- Task -
Your task is to reproduce, exactly and only, the lines running from the line containing "ディズニーキャラクター めじるしアクセサリー Winter 3個セット" to the end of the data below, both included.

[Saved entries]
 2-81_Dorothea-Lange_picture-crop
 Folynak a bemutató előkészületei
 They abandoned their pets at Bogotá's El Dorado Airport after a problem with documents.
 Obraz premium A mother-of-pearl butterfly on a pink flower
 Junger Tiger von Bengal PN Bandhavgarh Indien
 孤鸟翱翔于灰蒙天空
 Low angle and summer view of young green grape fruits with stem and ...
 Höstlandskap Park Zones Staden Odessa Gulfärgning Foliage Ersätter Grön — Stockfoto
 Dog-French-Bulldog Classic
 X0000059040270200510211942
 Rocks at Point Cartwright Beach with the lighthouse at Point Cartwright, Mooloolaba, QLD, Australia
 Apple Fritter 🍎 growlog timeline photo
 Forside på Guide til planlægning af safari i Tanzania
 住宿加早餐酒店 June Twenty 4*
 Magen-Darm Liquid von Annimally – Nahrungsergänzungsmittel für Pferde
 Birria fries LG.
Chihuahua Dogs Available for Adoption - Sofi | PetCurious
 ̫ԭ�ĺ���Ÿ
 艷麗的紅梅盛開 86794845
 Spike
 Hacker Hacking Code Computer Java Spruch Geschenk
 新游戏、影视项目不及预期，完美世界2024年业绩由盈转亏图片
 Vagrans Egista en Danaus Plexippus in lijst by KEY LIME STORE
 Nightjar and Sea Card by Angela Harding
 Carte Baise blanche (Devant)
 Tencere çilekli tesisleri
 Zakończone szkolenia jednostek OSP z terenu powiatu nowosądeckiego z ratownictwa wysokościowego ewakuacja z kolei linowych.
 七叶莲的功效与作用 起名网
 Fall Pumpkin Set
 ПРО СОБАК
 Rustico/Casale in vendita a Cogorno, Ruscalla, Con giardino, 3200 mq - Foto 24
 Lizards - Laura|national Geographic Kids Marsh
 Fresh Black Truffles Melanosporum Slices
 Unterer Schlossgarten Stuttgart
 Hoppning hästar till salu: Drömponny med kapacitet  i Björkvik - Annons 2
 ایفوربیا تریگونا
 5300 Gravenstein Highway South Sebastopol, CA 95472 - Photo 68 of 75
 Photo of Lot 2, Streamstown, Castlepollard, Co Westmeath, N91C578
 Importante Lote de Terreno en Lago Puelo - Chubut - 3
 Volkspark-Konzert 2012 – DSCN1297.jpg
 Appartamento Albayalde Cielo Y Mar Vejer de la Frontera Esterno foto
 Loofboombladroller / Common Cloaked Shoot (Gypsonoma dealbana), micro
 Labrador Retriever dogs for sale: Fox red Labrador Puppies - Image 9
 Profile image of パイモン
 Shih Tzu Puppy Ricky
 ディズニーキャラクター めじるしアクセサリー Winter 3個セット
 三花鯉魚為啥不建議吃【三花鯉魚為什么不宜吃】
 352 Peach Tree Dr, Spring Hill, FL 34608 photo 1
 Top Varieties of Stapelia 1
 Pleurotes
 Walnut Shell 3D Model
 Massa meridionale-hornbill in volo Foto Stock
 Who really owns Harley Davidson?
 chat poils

- Task result -
 ディズニーキャラクター めじるしアクセサリー Winter 3個セット
 三花鯉魚為啥不建議吃【三花鯉魚為什么不宜吃】
 352 Peach Tree Dr, Spring Hill, FL 34608 photo 1
 Top Varieties of Stapelia 1
 Pleurotes
 Walnut Shell 3D Model
 Massa meridionale-hornbill in volo Foto Stock
 Who really owns Harley Davidson?
 chat poils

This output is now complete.